Below are some entries. Repeat exactly the lines from the one with "Yukon and Mustang" through the one with "Asus Computador Portátil", and only those.

--- Dataset content Enclosed Below ---

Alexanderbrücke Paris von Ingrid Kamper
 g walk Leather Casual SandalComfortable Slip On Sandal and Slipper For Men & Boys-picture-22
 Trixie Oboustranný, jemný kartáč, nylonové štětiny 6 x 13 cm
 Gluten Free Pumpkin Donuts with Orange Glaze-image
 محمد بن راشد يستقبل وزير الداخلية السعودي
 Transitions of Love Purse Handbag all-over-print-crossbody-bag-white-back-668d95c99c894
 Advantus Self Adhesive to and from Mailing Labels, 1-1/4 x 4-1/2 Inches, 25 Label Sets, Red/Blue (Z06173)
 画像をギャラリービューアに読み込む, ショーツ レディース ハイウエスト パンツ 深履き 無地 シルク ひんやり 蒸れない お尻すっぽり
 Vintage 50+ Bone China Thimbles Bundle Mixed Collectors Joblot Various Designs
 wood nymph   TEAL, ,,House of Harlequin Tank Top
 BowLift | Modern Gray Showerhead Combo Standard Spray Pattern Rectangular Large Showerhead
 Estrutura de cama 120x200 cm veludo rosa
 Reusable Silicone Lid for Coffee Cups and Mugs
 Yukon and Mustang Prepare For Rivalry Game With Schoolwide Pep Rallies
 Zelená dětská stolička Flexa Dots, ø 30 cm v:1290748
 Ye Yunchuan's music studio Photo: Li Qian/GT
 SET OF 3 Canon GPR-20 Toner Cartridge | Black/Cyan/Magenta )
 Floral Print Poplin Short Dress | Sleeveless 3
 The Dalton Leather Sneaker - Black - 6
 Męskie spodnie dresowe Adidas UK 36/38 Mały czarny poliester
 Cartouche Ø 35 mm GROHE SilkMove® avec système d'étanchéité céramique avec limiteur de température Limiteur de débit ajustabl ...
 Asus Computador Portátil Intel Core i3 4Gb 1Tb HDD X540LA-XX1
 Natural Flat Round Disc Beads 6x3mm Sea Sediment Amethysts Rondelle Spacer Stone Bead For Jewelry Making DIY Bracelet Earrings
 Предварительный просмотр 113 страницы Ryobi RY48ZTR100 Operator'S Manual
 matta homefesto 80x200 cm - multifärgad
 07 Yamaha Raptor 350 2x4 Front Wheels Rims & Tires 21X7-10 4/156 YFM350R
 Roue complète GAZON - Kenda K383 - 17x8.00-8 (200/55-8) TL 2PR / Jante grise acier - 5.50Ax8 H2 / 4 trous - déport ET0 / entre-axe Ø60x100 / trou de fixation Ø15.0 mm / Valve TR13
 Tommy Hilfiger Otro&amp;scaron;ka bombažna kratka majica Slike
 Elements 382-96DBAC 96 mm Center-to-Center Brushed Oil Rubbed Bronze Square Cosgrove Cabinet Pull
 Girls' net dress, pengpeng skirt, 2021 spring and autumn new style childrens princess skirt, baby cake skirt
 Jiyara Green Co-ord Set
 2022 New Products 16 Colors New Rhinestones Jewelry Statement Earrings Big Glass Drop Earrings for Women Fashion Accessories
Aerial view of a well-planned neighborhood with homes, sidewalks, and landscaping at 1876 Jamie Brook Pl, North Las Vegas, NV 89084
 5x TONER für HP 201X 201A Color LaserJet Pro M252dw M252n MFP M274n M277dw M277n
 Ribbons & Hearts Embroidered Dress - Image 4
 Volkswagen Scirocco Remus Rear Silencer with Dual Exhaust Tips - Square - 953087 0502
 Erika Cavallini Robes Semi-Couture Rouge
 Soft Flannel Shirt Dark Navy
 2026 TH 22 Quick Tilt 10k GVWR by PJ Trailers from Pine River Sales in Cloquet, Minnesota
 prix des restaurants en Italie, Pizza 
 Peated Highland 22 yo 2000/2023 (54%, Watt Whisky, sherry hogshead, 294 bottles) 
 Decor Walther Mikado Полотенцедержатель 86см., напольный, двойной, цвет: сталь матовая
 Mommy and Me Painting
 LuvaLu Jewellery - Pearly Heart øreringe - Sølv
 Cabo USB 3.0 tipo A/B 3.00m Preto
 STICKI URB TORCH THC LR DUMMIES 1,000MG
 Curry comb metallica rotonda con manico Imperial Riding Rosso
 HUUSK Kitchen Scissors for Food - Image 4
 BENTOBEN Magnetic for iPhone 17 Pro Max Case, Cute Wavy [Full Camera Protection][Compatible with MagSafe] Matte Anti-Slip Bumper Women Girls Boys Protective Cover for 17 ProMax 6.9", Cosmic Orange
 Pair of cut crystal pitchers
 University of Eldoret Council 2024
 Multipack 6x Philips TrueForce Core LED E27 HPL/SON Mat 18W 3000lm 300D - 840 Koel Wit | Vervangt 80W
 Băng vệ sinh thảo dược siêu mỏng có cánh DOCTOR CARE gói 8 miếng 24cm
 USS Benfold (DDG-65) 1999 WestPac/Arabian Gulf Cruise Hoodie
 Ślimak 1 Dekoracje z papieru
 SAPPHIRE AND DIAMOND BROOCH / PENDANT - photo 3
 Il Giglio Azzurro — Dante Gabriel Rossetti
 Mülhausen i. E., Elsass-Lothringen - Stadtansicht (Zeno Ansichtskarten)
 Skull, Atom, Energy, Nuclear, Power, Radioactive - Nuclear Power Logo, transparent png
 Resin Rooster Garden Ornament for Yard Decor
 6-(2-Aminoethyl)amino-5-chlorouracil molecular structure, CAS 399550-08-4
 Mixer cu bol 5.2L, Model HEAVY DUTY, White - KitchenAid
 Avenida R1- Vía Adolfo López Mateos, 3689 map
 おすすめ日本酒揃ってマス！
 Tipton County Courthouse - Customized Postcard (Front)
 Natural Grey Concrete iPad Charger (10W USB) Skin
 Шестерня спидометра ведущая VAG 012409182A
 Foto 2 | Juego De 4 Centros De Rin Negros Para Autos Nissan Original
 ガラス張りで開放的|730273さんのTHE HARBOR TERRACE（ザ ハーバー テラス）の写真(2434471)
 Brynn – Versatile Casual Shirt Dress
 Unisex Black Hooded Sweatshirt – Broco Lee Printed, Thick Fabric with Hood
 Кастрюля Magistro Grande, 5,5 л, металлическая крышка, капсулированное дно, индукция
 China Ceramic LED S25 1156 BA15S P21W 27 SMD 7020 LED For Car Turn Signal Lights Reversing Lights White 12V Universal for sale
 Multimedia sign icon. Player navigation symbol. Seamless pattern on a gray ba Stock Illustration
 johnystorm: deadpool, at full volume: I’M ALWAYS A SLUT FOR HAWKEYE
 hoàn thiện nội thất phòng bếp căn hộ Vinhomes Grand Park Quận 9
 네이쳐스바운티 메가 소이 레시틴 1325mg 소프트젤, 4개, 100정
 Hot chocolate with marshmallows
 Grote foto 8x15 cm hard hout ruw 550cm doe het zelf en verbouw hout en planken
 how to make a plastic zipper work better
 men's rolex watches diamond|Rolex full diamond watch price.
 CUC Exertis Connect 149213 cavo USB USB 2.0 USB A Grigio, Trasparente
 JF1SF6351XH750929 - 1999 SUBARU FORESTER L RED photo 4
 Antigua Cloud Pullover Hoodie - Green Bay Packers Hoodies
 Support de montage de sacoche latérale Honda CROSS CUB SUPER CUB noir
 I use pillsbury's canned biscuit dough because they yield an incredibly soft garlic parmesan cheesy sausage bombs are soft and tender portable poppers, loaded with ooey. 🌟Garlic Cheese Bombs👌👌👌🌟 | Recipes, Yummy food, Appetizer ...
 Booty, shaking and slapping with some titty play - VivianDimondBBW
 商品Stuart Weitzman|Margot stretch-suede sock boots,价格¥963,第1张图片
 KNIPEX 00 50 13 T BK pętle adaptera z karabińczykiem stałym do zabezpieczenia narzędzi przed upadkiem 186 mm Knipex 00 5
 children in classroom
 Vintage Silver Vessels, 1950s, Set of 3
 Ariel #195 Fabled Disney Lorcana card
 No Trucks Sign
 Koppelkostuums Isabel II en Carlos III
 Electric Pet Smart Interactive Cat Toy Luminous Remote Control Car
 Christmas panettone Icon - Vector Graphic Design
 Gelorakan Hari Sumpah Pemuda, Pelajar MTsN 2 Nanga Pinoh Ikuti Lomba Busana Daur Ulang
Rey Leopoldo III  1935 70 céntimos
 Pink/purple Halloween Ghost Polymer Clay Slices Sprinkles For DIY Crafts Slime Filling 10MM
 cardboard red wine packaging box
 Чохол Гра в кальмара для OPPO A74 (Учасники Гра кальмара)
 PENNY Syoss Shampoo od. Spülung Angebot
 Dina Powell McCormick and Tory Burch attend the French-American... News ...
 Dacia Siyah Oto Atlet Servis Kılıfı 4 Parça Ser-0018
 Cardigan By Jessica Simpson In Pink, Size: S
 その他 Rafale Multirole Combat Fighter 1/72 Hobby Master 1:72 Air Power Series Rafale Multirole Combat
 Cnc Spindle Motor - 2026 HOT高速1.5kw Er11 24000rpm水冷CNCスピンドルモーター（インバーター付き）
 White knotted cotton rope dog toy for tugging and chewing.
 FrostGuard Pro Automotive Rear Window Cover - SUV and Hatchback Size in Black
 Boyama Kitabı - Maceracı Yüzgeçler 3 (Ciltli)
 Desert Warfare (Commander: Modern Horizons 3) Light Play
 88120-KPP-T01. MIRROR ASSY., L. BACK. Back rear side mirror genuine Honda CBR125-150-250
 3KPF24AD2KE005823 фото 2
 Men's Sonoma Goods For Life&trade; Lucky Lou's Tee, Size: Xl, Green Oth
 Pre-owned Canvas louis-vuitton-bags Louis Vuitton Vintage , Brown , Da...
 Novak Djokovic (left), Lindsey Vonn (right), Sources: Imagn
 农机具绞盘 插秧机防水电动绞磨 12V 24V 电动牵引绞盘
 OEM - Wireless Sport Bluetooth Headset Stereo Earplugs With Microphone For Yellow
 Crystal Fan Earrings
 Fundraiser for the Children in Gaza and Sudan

--- End of Enclosed Dataset content ---

Finished task
 Yukon and Mustang Prepare For Rivalry Game With Schoolwide Pep Rallies
 Zelená dětská stolička Flexa Dots, ø 30 cm v:1290748
 Ye Yunchuan's music studio Photo: Li Qian/GT
 SET OF 3 Canon GPR-20 Toner Cartridge | Black/Cyan/Magenta )
 Floral Print Poplin Short Dress | Sleeveless 3
 The Dalton Leather Sneaker - Black - 6
 Męskie spodnie dresowe Adidas UK 36/38 Mały czarny poliester
 Cartouche Ø 35 mm GROHE SilkMove® avec système d'étanchéité céramique avec limiteur de température Limiteur de débit ajustabl ...
 Asus Computador Portátil Intel Core i3 4Gb 1Tb HDD X540LA-XX1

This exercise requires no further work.